World Cup Dividing the World, Not Uniting: Currie

By Roger Currie

It’s the middle of June and people are still paying big money to watch hockey in places like Texas and Los Angeles. In Brazil meanwhile, not all the seats have sold for the FIFA World Cup which will be lighting up TV screens around the world for the next several weeks.

Soccer is called The Beautiful Game. At the World Cup level, it truly is, but I can’t help but wonder why Canadian men are not there in Rio and Sao Paulo? Are we not told that twice as many Canadian kids play soccer rather than hockey?

The difference in the cost of equipment is one obvious reason. And soccer has always been there. When I was in elementary school in Winnipeg in the 1950’s, we played soccer at recess all winter long. We played even the day after a six inch snowfall, and when it was 20 below and colder. Strange that none of us ever got to compete in the World Cup.

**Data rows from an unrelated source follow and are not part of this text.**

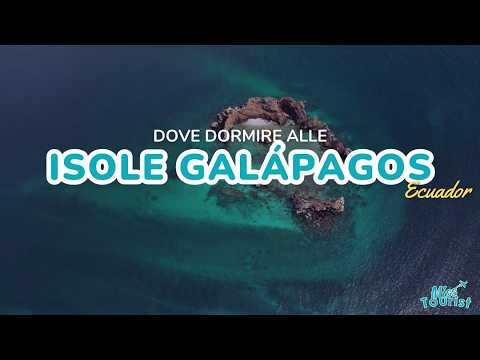 Dove Alloggiare alle Galápagos: le 4 Isole Migliori per il Tuo Viaggio 🐢🏝️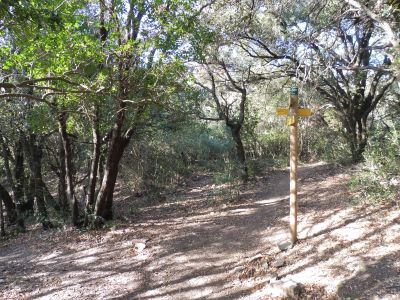 Collada Espinàs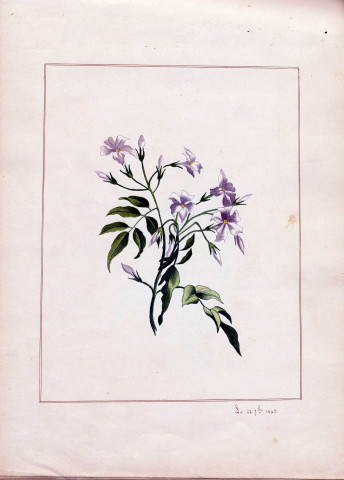 Variété de fleurs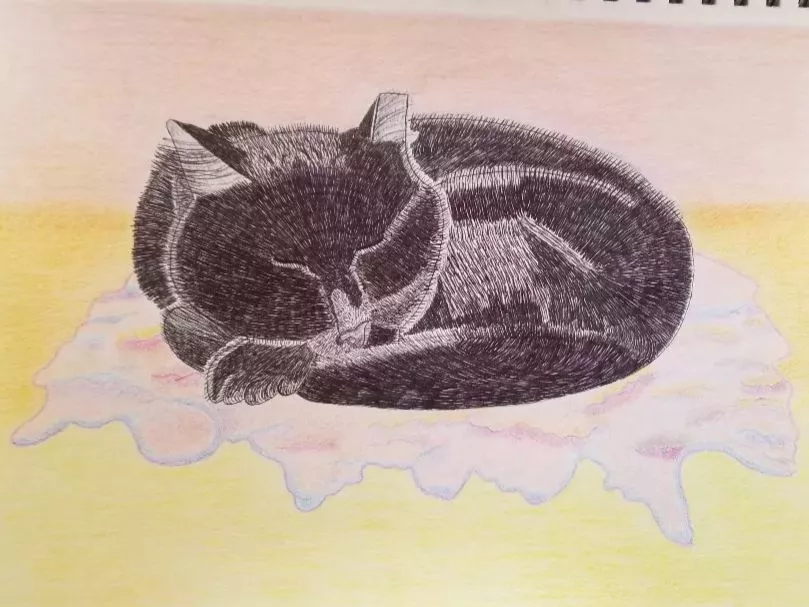 Meows and Roars of Inspiration: The Cat Art Project — Out of Step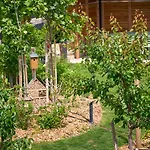 Vineyard19 Apartament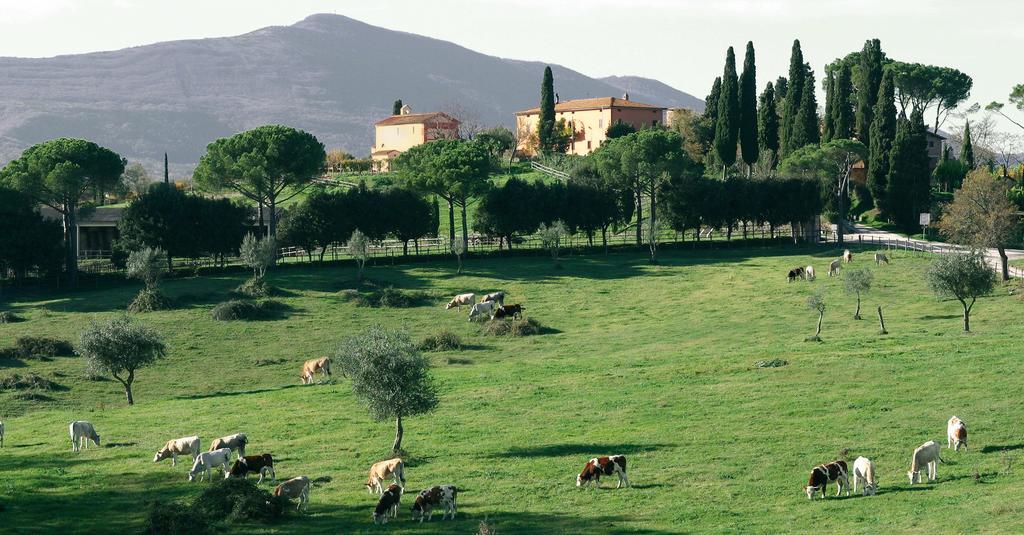 Poggiovalle Tenuta Italiana Belvedere  외부 사진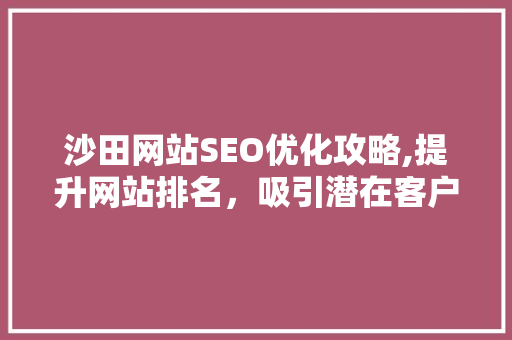 沙田网站SEO优化攻略,提升网站排名，吸引潜在客户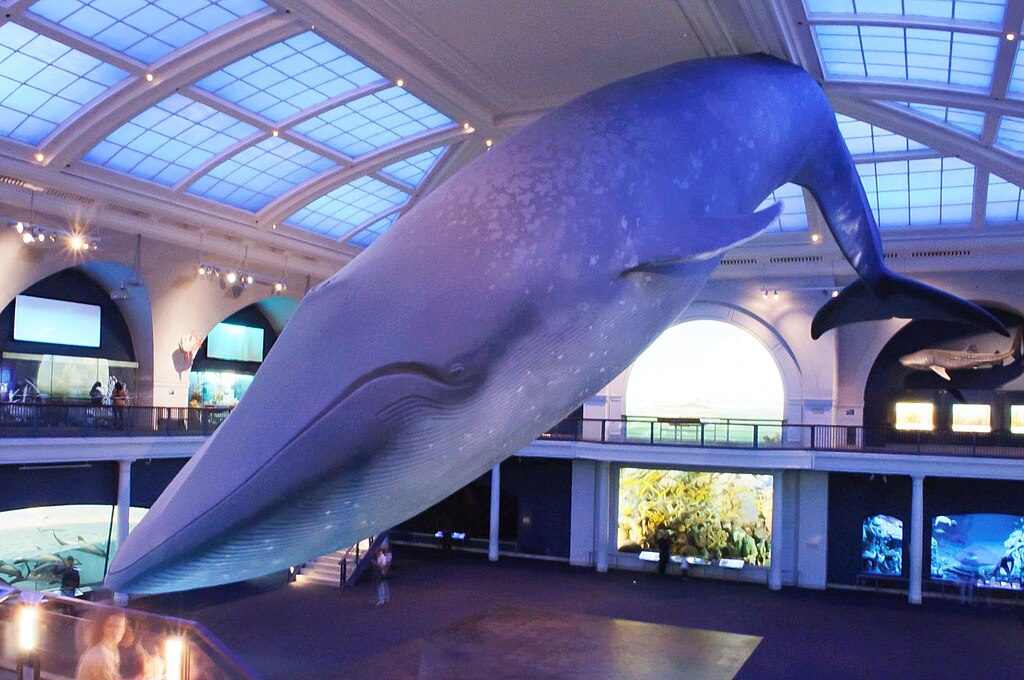 A large blue whale model is suspended from the ceiling in a museum hall. The room has a bright, arched glass ceiling, creating a spacious feel.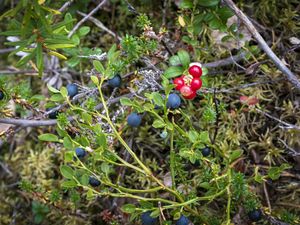 Preview wallpaper blueberry, berries, bush, plants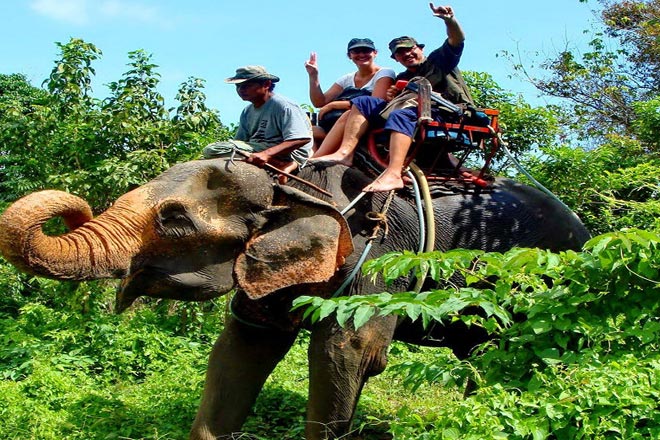 Sightseeing and Elephant Safari Tour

Canadian women do better on soccer’s world stage than our men, and they can draw a crowd. 28,000 recently showed up in Winnipeg for a friendly against the American women. The colourful jerseys that you see at soccer games are fabulous, much cooler than football and hockey shirts.

You might say that the Beautiful Game succeeds despite being run by FIFA, who seem to have raised international corruption to a whole new level. Eight years from now, the plan is to play the World Cup in Qatar in the Persian Gulf. All of a sudden the world is realizing that players might die of heat stroke if they play the games there in June and July.

This year’s event in Brazil is being overshadowed by major allegations of bribery in the awarding of the Cup to Qatar. Isn’t sport supposed to unite the world? Tell that to FIFA.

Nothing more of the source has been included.